When we say dictionary attack, we don't really mean a real dictionary, do we? My guess is we mean a hacker's dictionary i.e. rainbow tables, right?
My point is we're not talking about someone keying different passwords into the login box, we're talking about someone who has full access to your database (which has hashed passwords, not plain passwords) and this person is reversing the hashes, right?
Since passwords are oft-times the easiest-to-attack part of cryptography it's actually sort of a real dictionary. The assumption is that people are lazy and choose proper words as password or construct passphrases out of them. The dictionary can include other things, though, such as commonly used non-words or letter/number combination. Essentially everything that is likely to be a poor-chosen password.
There are programs out there which will take an entire hard drive and build a dictionary out of every typable string on it on the assumption that the user's password was at some point in time put in plaintext into memory (and then into the pagefile) or that it simply exists in the corpus if text stored on the drive1:
Even so, none of this might actually matter.

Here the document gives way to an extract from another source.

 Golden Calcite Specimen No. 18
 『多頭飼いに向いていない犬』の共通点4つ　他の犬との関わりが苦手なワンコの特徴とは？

AccessData sells another program, Forensic Toolkit, that, among other things, scans a hard drive for every printable character string. It looks in documents, in the Registry, in e-mail, in swap files, in deleted space on the hard drive ... everywhere. And it creates a dictionary from that, and feeds it into PRTK.
And PRTK breaks more than 50 percent of passwords from this dictionary alone.
Actually, you can make dictionaries more effective even if you include knowledge on how people usually build passwords. Schneier talks about this lengthily1:
- Common word dictionary: 5,000 entries
- Names dictionary: 10,000 entries
- Comprehensive dictionary: 100,000 entries
- Phonetic pattern dictionary: 1/10,000 of an exhaustive character search
The phonetic pattern dictionary is interesting. It's not really a dictionary; it's a Markov-chain routine that generates pronounceable English-language strings of a given length. For example, PRTK can generate and test a dictionary of very pronounceable six-character strings, or just-barely pronounceable seven-character strings. They're working on generation routines for other languages.
PRTK also runs a four-character-string exhaustive search. It runs the dictionaries with lowercase (the most common), initial uppercase (the second most common), all uppercase and final uppercase. It runs the dictionaries with common substitutions: "$" for "s," "@" for "a," "1" for "l" and so on. Anything that's "leet speak" is included here, like "3" for "e."
The appendage dictionaries include things like:
- All two-digit combinations
- All dates from 1900 to 2006
- All three-digit combinations
- All single symbols
- All single digit, plus single symbol
- All two-symbol combinations
1 Bruce Schneier: Choosing Secure Passwords. In: Schneier on Security. (URL)
Dictionary attacks are attacks where attakers try words from a rather normal dictionary, because many people will use simple passwords which can be found in a dictionary.
Wikipedia: Dictionary attack.
A 'dictionary attack' usually refers to an attempt to guess a password using a 'dictionary'; that is, a long list of commonly-used passwords, usually corresponding to words or combination of words that people may lazily set as their password. Rainbow tables would be used if, instead of trying to guess the password by specifying the actual plaintext password, you had a password hash, and you wanted to guess the password. You'd specify the hashes of the commonly-used passwords and try to match them against the password hash you had, in order to try and get a match to determine what the password is.
Well, if I threw a dictionary at you, it would hurt right?
But yes, a dictionary attack uses a list of words. They might be derived from a dictionary, or lists of common phrases or passwords ('123456' for example).
A rainbow table is different to a dictionary though - it is a reverse lookup for a given hash function, so that if you know a hash, you can identify a string which would generate that hash. For example, if I knew your password had an unsalted MD5 hash of e10adc3949ba59abbe56e057f20f883e, I could use a rainbow table to determine that 123456 hashes to that value.